▸ Work instruction
The lines from the start of the data through the line containing "Відбивна куряча під" are to be reproduced exactly, both ends included.

───── Working data ─────

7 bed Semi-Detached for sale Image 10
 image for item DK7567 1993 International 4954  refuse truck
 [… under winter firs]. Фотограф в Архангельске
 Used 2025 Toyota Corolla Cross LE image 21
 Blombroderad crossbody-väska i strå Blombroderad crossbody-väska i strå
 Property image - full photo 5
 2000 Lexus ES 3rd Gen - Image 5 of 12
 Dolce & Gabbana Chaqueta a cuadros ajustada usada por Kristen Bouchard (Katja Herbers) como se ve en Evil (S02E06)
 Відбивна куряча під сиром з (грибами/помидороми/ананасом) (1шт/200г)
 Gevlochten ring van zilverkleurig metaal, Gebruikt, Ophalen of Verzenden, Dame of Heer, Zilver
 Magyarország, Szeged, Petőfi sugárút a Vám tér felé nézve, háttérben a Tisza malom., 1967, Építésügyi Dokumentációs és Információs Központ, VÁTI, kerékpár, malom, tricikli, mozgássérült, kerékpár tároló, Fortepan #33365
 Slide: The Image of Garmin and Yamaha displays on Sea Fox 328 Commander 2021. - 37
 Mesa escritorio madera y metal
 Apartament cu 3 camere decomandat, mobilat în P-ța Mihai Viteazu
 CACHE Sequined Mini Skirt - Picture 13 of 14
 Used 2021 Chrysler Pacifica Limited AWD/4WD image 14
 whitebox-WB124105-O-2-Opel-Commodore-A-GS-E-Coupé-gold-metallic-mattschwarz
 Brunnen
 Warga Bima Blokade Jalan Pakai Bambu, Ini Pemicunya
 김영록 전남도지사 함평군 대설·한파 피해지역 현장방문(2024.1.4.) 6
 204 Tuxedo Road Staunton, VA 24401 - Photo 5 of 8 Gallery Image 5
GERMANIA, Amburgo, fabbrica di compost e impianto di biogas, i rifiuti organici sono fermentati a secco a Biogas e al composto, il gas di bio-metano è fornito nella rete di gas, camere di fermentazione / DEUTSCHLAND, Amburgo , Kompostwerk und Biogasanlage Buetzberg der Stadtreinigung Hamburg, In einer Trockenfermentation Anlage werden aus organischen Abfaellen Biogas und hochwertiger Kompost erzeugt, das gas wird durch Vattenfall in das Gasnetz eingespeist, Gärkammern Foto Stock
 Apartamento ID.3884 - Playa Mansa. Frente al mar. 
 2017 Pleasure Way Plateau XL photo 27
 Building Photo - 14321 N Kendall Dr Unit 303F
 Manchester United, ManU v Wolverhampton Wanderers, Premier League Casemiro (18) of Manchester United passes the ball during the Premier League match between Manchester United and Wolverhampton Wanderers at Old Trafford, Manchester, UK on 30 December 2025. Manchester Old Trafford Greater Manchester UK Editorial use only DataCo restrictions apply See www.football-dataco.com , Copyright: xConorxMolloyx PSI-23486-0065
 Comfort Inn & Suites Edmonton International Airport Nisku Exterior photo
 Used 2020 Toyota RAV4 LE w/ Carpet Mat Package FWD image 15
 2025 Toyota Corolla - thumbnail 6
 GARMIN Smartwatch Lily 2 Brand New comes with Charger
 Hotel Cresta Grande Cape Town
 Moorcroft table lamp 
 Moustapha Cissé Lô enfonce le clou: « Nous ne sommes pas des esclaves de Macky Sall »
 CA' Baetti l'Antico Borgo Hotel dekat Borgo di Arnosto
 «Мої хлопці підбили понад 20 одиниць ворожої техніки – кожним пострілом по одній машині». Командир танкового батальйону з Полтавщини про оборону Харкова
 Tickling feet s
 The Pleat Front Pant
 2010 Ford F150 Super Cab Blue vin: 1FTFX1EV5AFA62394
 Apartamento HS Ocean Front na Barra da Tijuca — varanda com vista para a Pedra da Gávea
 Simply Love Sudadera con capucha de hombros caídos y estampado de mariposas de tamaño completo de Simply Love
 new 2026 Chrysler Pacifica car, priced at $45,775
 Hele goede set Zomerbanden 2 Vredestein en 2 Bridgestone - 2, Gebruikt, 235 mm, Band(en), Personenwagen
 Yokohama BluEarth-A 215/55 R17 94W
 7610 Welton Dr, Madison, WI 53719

─────

▸ Result
7 bed Semi-Detached for sale Image 10
 image for item DK7567 1993 International 4954  refuse truck
 [… under winter firs]. Фотограф в Архангельске
 Used 2025 Toyota Corolla Cross LE image 21
 Blombroderad crossbody-väska i strå Blombroderad crossbody-väska i strå
 Property image - full photo 5
 2000 Lexus ES 3rd Gen - Image 5 of 12
 Dolce & Gabbana Chaqueta a cuadros ajustada usada por Kristen Bouchard (Katja Herbers) como se ve en Evil (S02E06)
 Відбивна куряча під сиром з (грибами/помидороми/ананасом) (1шт/200г)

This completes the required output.